What you are asked to do:
In the entries that follow, the line with "千牛优福杏鲍菇鸡腿菇 火锅食材双拼 鲜嫩菌菇 新鲜蔬菜基地直发" opens the range and the line with "广汽传祺最新款/广汽传祺最新款图片" closes it; repeat that range exactly, both lines included.

Dataset:
..............................

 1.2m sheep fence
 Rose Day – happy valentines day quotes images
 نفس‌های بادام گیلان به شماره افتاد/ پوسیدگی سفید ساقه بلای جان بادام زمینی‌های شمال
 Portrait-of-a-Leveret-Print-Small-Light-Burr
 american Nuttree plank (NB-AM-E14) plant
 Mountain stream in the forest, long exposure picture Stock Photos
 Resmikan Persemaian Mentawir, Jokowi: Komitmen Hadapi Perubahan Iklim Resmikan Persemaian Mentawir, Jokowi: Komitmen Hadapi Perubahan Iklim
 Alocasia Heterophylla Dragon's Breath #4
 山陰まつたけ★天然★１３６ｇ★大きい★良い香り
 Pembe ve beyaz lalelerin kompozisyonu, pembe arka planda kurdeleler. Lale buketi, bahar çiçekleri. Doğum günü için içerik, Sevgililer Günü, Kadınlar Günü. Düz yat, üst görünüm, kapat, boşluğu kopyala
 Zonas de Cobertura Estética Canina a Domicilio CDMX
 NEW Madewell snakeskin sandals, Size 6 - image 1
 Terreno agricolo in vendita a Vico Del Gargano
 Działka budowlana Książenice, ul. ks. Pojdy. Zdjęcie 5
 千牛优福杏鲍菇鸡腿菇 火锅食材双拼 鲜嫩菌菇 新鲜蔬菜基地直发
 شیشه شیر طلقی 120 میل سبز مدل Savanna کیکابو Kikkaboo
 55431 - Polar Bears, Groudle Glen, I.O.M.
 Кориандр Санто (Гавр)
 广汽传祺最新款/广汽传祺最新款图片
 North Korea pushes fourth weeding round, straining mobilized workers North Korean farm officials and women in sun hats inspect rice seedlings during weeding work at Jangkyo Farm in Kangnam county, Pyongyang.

..............................

The completed task:
 千牛优福杏鲍菇鸡腿菇 火锅食材双拼 鲜嫩菌菇 新鲜蔬菜基地直发
 شیشه شیر طلقی 120 میل سبز مدل Savanna کیکابو Kikkaboo
 55431 - Polar Bears, Groudle Glen, I.O.M.
 Кориандр Санто (Гавр)
 广汽传祺最新款/广汽传祺最新款图片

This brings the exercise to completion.